I was thinking full width, one pass. But if you're happy with the ball nose, go for it. A full radius slotting cutter is available, but naturally, cost goes up.


----------



## dlane (Aug 1, 2015)

Thanks , mabey I'm confused I thought of a slotting cutter as a small saw blade with an arbor thru it, is that a spline cutter  / slot cutter ? , I have a bunch of them but all are thinner.
Or is there a different type cutter I haven't seen yet ?.
Thanks
Derrick


----------



## dlane (Aug 22, 2015)

I'm gona ware out my poor mill with these and 30cal caseing, it would be nice to cut 5-8 with one pass
I'm thinking make aluminum fixture 
Any suggestions 
Thanks


----------



## Bill Gruby (Aug 22, 2015)

Sounds like a plan to me.
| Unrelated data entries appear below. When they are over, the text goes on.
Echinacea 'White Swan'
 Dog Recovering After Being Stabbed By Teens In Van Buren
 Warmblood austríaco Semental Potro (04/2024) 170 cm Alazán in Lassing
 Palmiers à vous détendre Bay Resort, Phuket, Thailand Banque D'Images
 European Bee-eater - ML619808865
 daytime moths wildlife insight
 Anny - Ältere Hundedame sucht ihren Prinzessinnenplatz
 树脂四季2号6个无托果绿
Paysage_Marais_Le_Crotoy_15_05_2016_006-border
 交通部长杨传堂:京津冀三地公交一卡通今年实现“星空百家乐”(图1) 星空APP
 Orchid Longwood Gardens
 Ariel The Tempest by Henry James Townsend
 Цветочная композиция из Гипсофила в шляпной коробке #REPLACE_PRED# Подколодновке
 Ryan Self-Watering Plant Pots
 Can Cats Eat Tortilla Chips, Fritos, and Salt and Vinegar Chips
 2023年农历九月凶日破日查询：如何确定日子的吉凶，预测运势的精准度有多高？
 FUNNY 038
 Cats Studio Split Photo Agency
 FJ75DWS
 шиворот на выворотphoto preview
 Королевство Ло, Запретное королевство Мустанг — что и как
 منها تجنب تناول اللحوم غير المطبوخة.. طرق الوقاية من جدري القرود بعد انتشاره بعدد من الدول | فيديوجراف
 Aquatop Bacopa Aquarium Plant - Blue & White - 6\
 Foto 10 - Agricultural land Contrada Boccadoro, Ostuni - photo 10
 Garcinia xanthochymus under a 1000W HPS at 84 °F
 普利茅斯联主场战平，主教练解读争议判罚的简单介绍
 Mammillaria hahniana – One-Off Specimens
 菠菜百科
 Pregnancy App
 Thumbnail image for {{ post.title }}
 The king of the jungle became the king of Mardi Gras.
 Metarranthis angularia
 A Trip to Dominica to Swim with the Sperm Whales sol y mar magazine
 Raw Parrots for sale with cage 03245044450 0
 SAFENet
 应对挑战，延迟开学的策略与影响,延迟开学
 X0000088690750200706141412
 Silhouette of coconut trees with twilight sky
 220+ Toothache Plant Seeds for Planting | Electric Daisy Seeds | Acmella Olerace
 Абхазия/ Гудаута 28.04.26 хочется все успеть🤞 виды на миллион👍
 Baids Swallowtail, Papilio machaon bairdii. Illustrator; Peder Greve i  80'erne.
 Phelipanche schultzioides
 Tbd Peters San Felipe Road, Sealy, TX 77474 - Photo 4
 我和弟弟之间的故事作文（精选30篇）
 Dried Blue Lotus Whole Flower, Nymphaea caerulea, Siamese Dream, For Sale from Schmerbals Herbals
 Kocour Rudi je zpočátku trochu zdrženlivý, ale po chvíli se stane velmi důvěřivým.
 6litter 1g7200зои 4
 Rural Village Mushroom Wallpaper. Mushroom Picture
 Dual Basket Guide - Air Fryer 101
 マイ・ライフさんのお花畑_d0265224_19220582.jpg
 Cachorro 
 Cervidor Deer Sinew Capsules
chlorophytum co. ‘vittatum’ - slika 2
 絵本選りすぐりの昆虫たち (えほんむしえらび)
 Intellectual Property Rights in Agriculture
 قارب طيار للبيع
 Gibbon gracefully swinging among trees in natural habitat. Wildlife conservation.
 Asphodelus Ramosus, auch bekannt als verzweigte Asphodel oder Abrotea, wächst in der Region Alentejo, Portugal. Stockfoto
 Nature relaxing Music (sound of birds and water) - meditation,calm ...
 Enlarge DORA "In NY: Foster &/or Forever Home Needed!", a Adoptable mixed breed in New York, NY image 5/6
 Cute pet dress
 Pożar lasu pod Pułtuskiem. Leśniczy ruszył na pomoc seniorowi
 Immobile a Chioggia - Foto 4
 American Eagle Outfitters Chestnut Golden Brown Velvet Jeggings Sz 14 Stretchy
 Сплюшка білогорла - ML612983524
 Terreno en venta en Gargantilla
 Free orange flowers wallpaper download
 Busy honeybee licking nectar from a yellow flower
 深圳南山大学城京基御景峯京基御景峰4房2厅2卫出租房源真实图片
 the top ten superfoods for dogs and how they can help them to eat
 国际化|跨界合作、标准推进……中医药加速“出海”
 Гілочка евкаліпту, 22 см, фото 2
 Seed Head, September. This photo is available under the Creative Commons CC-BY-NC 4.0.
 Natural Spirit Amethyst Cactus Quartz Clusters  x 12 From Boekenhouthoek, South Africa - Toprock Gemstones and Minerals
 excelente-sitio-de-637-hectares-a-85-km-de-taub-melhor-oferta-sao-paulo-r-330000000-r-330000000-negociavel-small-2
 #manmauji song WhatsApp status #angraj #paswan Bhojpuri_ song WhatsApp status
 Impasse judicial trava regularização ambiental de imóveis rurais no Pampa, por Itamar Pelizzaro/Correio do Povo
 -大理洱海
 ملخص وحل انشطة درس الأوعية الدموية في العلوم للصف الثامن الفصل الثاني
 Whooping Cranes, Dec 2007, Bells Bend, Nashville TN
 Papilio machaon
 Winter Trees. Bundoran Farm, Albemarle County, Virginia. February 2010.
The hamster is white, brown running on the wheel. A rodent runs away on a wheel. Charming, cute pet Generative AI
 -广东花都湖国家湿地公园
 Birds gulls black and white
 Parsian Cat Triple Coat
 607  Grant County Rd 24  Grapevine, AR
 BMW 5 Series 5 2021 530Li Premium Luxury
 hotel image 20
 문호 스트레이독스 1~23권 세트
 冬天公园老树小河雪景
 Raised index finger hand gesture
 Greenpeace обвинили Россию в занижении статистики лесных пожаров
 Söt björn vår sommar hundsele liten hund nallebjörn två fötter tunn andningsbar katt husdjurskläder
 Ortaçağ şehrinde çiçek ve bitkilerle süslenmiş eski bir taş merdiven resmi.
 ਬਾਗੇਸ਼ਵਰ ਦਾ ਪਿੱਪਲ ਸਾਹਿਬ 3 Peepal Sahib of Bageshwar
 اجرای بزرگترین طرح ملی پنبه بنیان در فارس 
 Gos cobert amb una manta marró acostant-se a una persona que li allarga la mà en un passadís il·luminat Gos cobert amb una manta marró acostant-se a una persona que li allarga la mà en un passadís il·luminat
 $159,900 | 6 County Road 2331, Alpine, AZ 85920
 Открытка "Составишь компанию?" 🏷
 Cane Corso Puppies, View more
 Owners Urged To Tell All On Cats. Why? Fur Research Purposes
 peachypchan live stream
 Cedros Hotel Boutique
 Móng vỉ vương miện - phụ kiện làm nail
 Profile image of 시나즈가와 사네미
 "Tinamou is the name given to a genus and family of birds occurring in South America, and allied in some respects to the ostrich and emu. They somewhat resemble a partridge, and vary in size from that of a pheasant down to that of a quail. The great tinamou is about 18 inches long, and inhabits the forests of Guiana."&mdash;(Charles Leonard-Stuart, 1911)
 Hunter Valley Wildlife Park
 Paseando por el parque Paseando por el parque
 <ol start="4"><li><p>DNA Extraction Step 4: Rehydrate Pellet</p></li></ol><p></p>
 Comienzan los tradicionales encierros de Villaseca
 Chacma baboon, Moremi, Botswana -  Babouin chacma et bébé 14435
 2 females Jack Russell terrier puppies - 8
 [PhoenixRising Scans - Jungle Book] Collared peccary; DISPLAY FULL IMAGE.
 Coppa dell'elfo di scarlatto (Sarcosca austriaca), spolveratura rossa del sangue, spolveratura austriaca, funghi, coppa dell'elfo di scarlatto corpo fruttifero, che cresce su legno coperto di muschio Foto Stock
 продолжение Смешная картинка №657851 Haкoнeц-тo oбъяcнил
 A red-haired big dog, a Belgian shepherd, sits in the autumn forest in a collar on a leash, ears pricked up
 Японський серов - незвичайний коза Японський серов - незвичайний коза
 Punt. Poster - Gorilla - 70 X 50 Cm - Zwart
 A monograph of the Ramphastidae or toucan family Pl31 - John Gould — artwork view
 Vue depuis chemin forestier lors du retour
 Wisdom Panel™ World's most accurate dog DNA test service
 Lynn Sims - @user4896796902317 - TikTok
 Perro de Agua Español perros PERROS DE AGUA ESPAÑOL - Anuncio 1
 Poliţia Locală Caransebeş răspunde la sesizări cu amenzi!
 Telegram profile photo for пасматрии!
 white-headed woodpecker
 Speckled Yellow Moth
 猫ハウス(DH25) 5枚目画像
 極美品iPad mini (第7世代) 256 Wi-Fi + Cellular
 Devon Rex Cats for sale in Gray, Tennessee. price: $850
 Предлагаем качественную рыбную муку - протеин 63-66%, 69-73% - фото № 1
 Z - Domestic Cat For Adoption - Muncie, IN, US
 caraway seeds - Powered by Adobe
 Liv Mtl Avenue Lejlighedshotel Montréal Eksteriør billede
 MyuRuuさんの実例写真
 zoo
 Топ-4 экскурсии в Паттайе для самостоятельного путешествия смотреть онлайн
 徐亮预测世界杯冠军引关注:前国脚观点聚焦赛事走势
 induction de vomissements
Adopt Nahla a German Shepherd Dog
If the repetition is that often a Fixture is long overdue.

 "Billy G"


----------



## dlane (Aug 30, 2015)

Started a fixture, it holds four caseings , still need to put a couple 1/4-28 allens to lock the rotation then dowell pin it at the rite angle ,it will be held in a descent x-y travel vice going to try it on a DP with threaded chuck , as I don't want to do these on mill anymore , have a new four flute ball mill 
	

		
			
		

		
	



	

		
			
		

		
	
 they are only brass I'm thinking it should work , what you think ?.


----------



## dlane (Aug 31, 2015)

Should work the three smaller holes are there if I need to attach a plate to back instead of rotating mount. The corner holes are alignment dowell pins ,the two allens clamp the caseings ,
These are 30/06 it will work on any 30/06 based caseings., Ok tried it out x slide vice and fixture work good on mill, not so good on drill press kinda ruff cutting , going to try to rigitize drill press, any suggestions ?.
Thanks


----------



## dlane (Sep 14, 2015)

More brass
	

		
			
		

		
	



	

		
			
		

		
	
 ànd aluminum


----------



## Bill C. (Sep 14, 2015)

dlane said:


> Thanks , mabey I'm confused I thought of a slotting cutter as a small saw blade with an arbor thru it, is that a spline cutter  / slot cutter ? , I have a bunch of them but all are thinner.
> Or is there a different type cutter I haven't seen yet ?.
> Thanks
> Derrick



It is a saw mounted in a arbor. I mean a slotting saw, comes in different thickness. I think any over a 1/4 inch thick  are milling cutters.  In my experience they sing when they cut.  I like your fixtures.


----------